EXERCISE DIRECTIONS: Images do not belong in the copy; retype the rest of the entries below exactly.

(SOURCE MATERIAL begins)

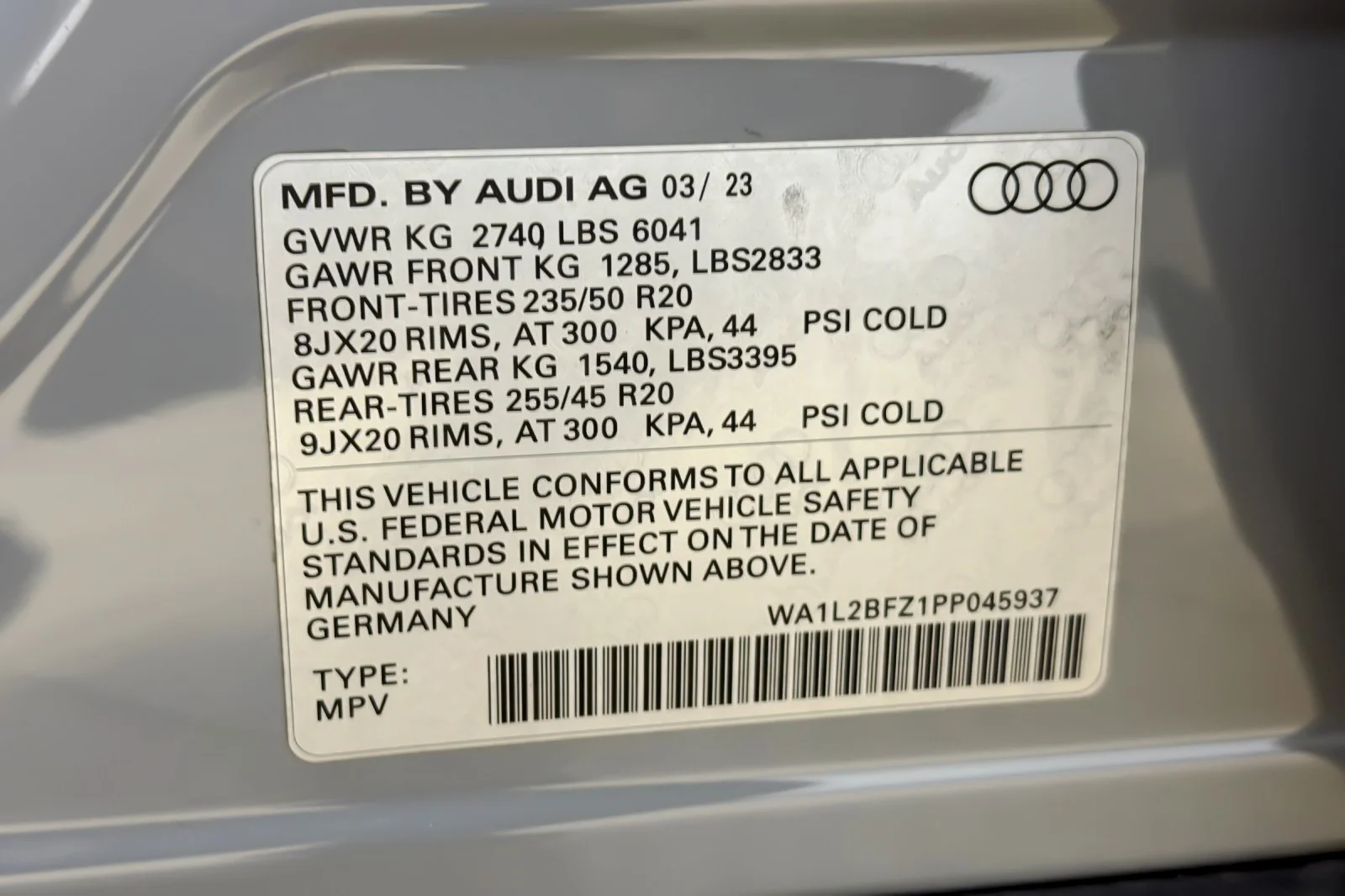 Certified Used 2023 Pebble Gray Audi Premium Plus 50 quattro image 28
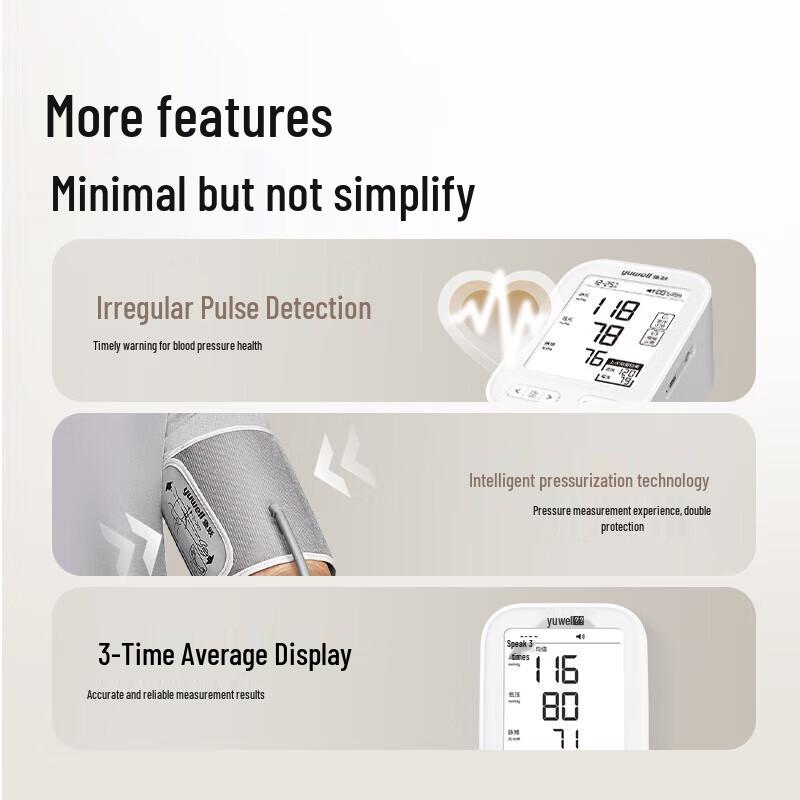 Yuwell YE630AR Voice Rechargeable Blood Pressure Monitor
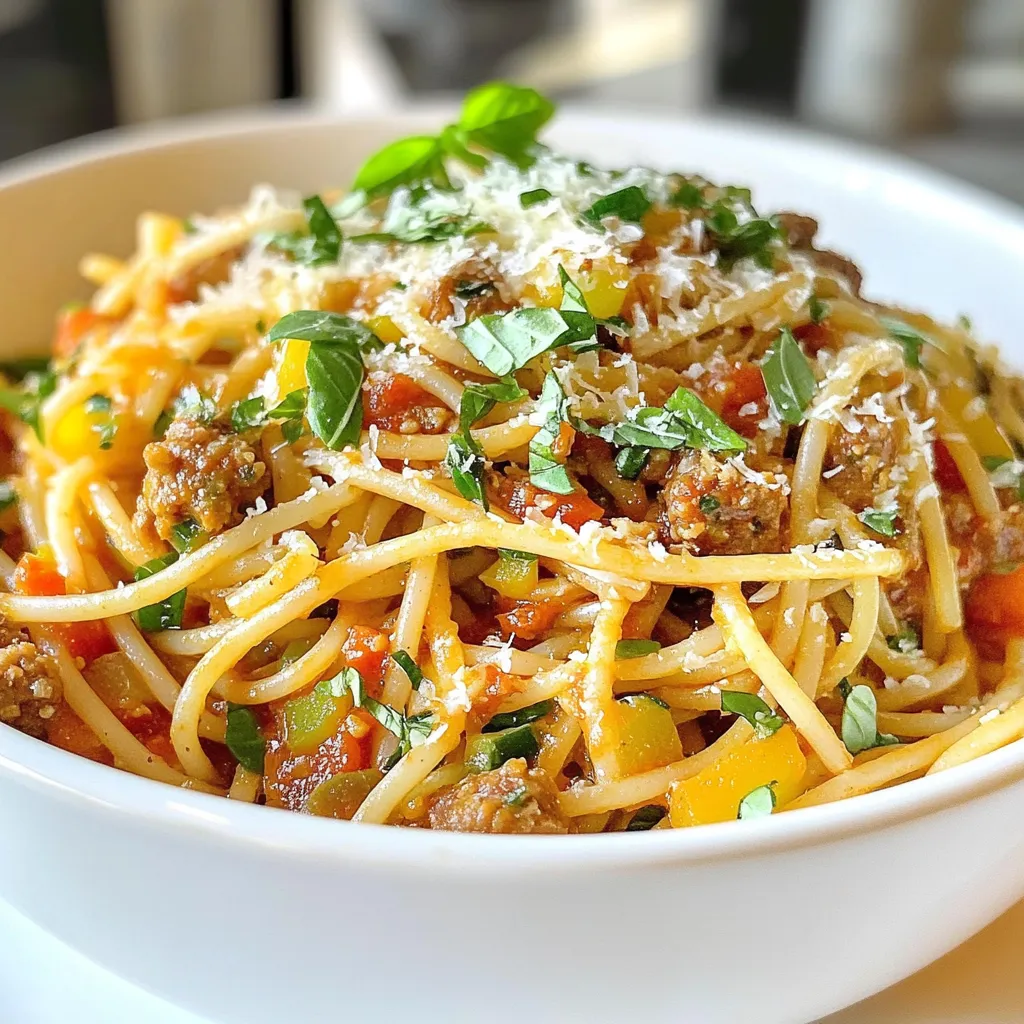 Minute Italian Sausage Pasta Quick and Flavorful Meal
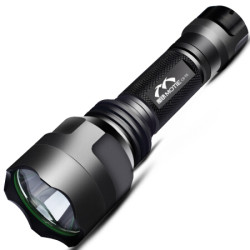 魔铁 LED强光手电筒 迷你充电防水防身远射 户外家用骑行应急LED自行车灯C8-T6 标配版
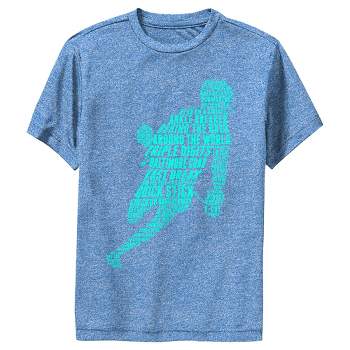 Boy's Lost Gods Lacrosse Slang Terms Silhouette Performance Tee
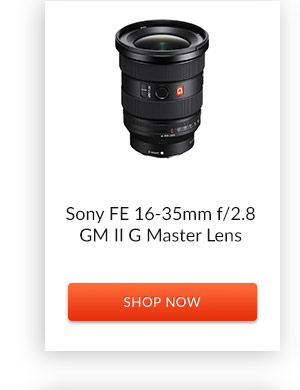 Sony FE 16-35mm f/2.8 GM II G Master Lens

(SOURCE MATERIAL ends)

PROBLEM SOLUTION:
 Certified Used 2023 Pebble Gray Audi Premium Plus 50 quattro image 28
 Yuwell YE630AR Voice Rechargeable Blood Pressure Monitor
 Minute Italian Sausage Pasta Quick and Flavorful Meal
 魔铁 LED强光手电筒 迷你充电防水防身远射 户外家用骑行应急LED自行车灯C8-T6 标配版
 Boy's Lost Gods Lacrosse Slang Terms Silhouette Performance Tee
 Sony FE 16-35mm f/2.8 GM II G Master Lens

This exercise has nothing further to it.